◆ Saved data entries
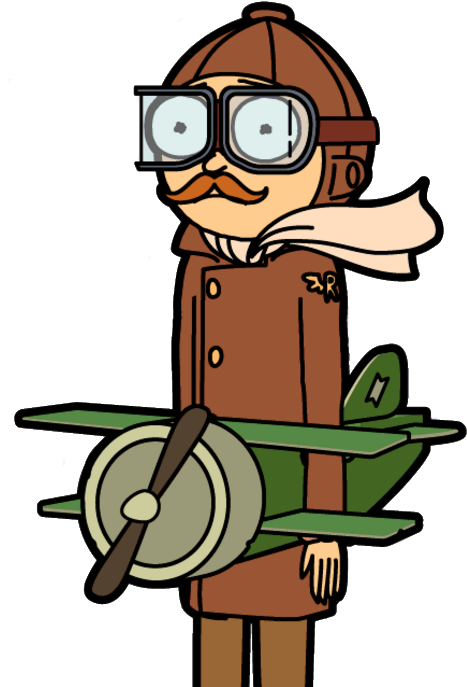 Ace Pilot Morty Clipart (467x687), Png Download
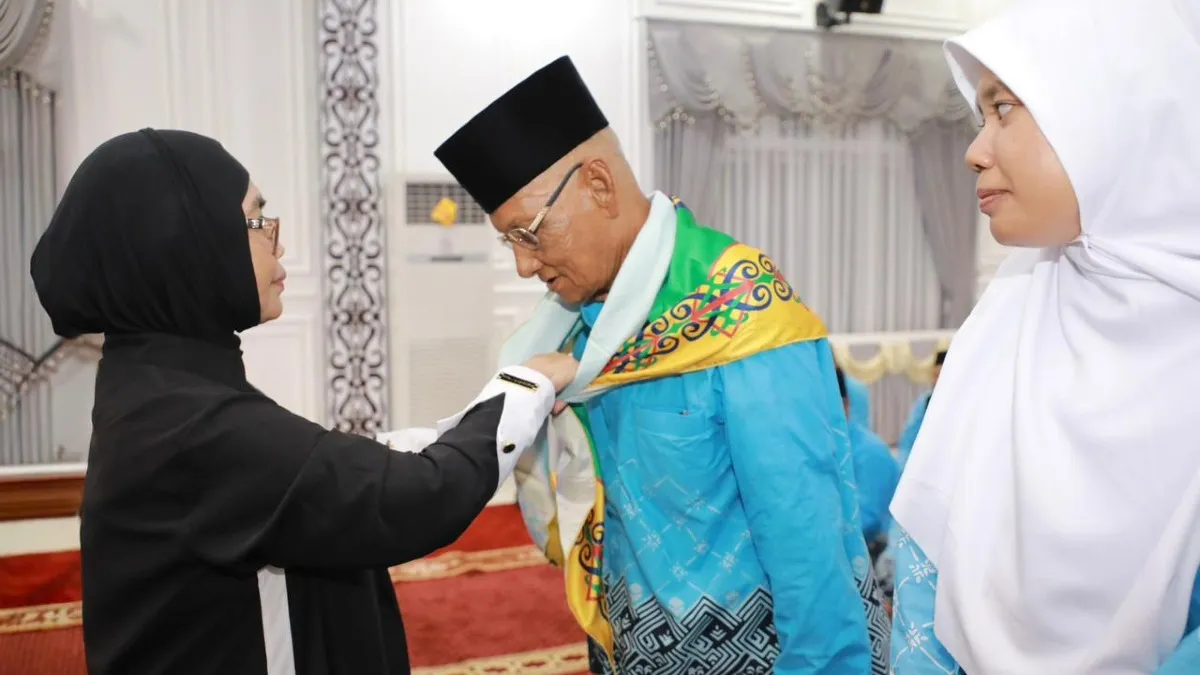 Wali Kota Bontang Lepas 112 Calon Jemaah Haji 2026, Masa Tunggu Dipangkas Jadi 29 Tahun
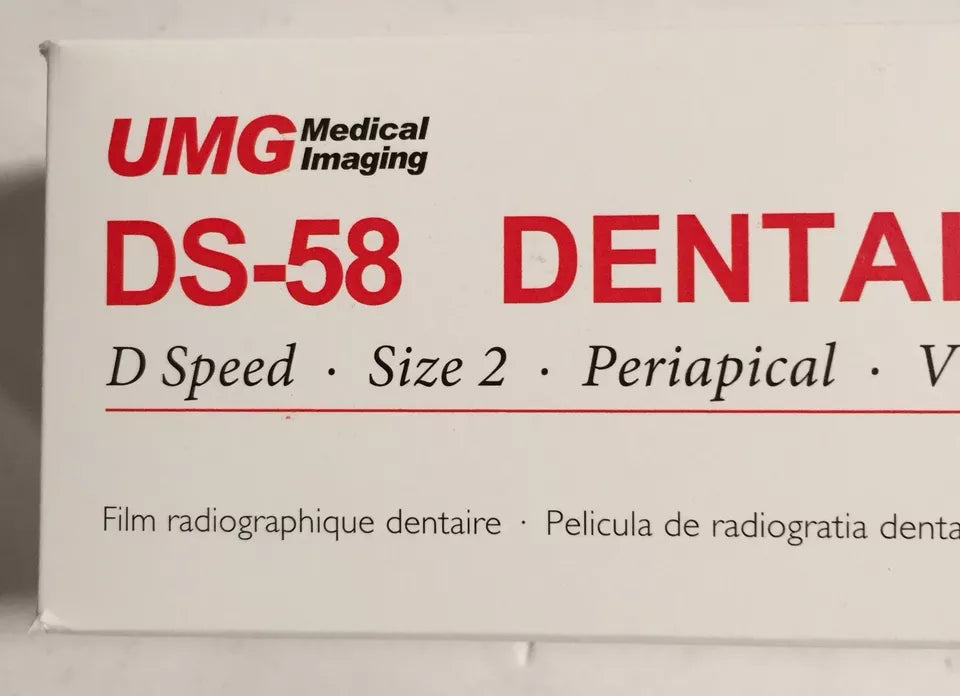 UMG DS-58 Size 2 D Speed Periapical Vinyl Pack Imaging Film 150 /Box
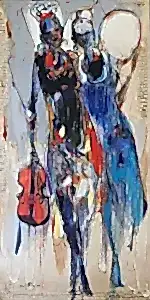 NURETTİN AKKAYA tarafından 2022 yılında 130x65 cm ölçülerinde Tuval üzeri yağlı boya tekniği ile yapılmıştır.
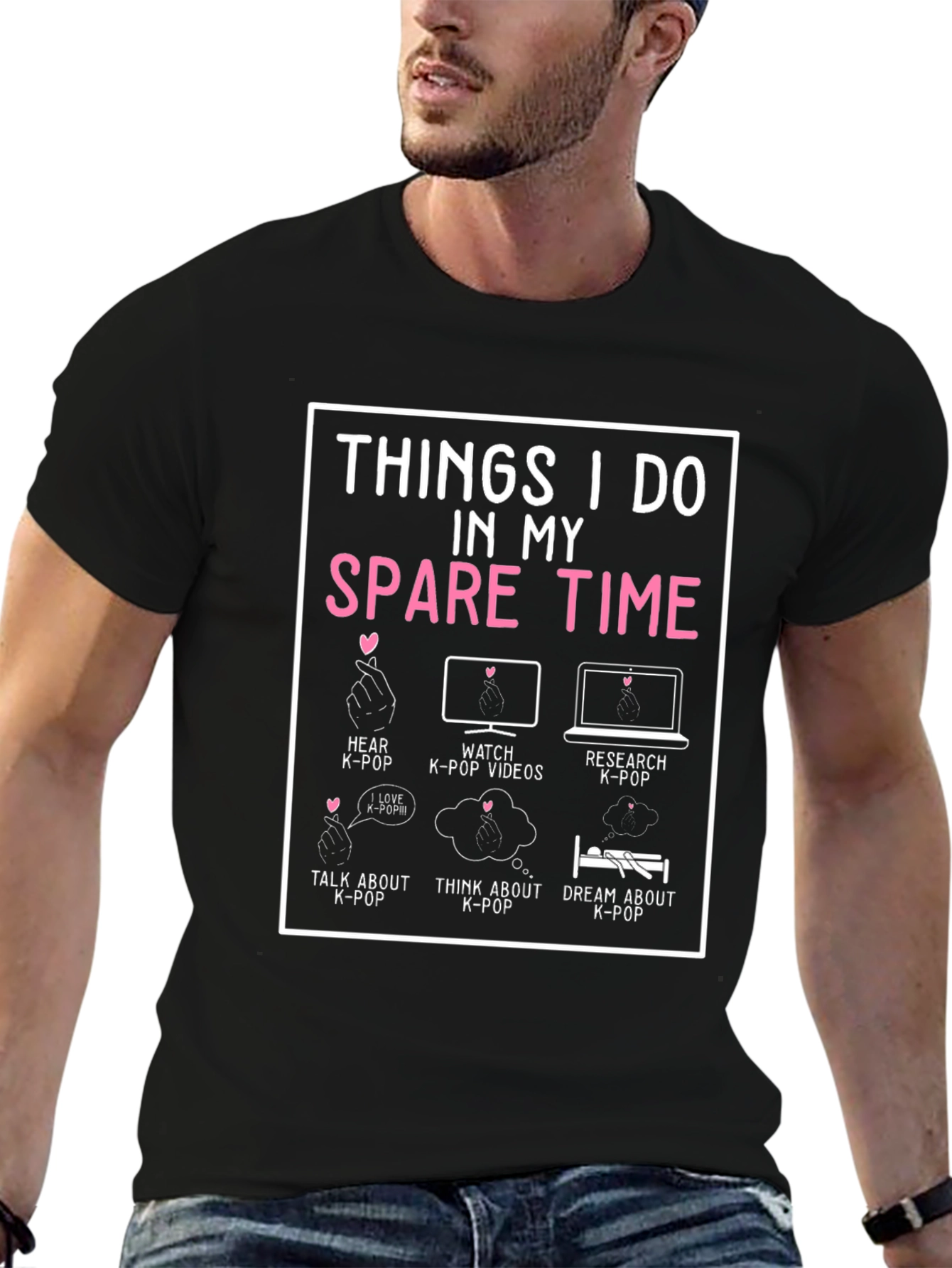 K-Pop Fan Spare Time T-Shirt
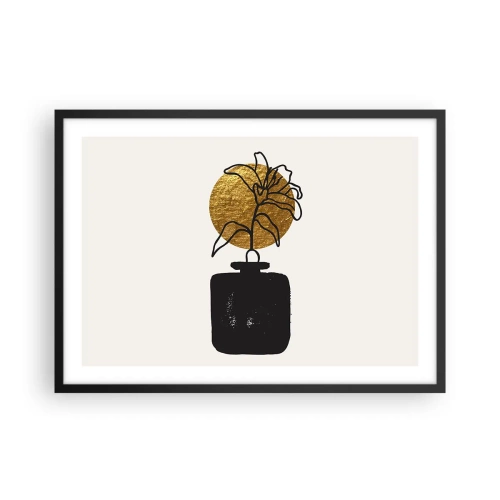 Poster in een zwarte lijst - Schoonheid is goud waard - 70x50 cm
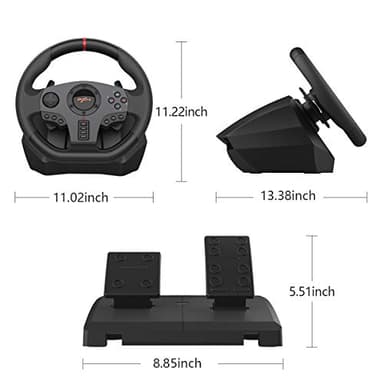 PXN V900 PC Steering Wheel Gaming - 270/900° Xbox Steering Wheel with Linear Pedals & Left and Right Dual Vibration for PS4, PC, Xbox One, Xbox Series X|S, Switch - Image 7
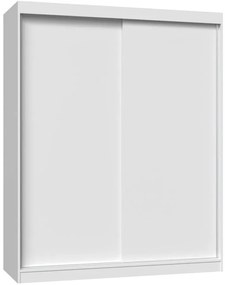 Garderoba biała z przesuwnymi drzwiami 160 cm C6-M60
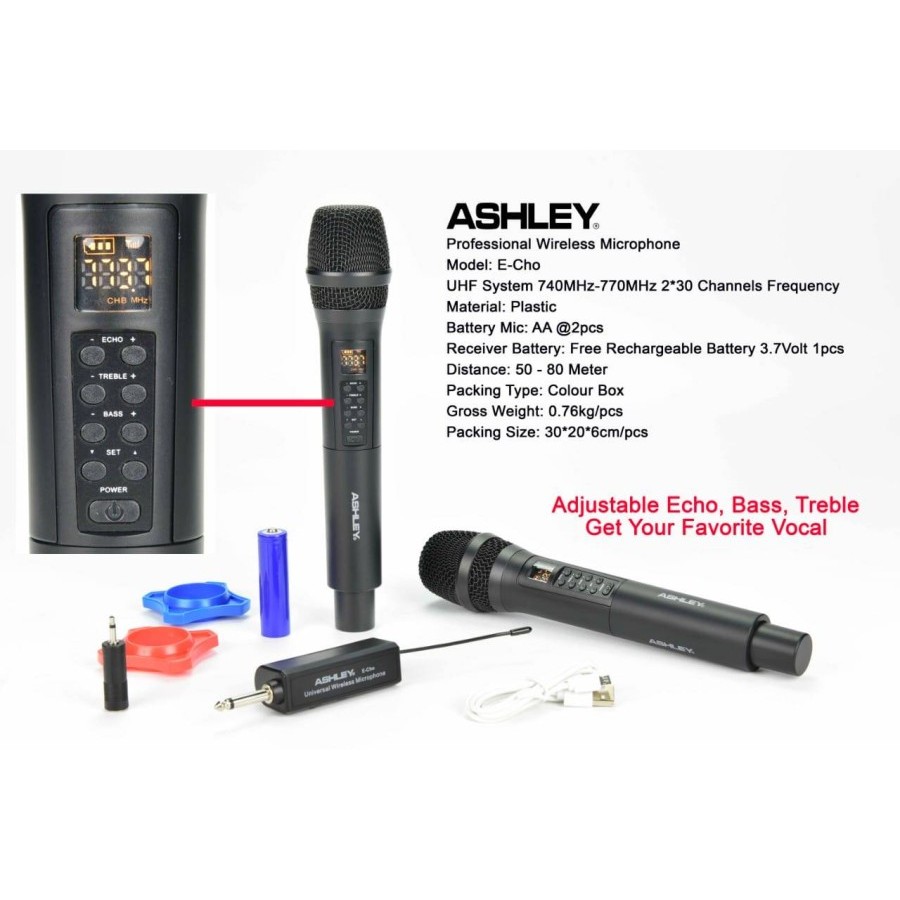 mic wirelees ashley echo e cho / ECHO original ashley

◆ The problem
Could you transcribe the records above exactly, leaving out any pictures?

◆ Output of the exercise
 Ace Pilot Morty Clipart (467x687), Png Download
 Wali Kota Bontang Lepas 112 Calon Jemaah Haji 2026, Masa Tunggu Dipangkas Jadi 29 Tahun
 UMG DS-58 Size 2 D Speed Periapical Vinyl Pack Imaging Film 150 /Box
 NURETTİN AKKAYA tarafından 2022 yılında 130x65 cm ölçülerinde Tuval üzeri yağlı boya tekniği ile yapılmıştır.
 K-Pop Fan Spare Time T-Shirt
 Poster in een zwarte lijst - Schoonheid is goud waard - 70x50 cm
 PXN V900 PC Steering Wheel Gaming - 270/900° Xbox Steering Wheel with Linear Pedals & Left and Right Dual Vibration for PS4, PC, Xbox One, Xbox Series X|S, Switch - Image 7
 Garderoba biała z przesuwnymi drzwiami 160 cm C6-M60
 mic wirelees ashley echo e cho / ECHO original ashley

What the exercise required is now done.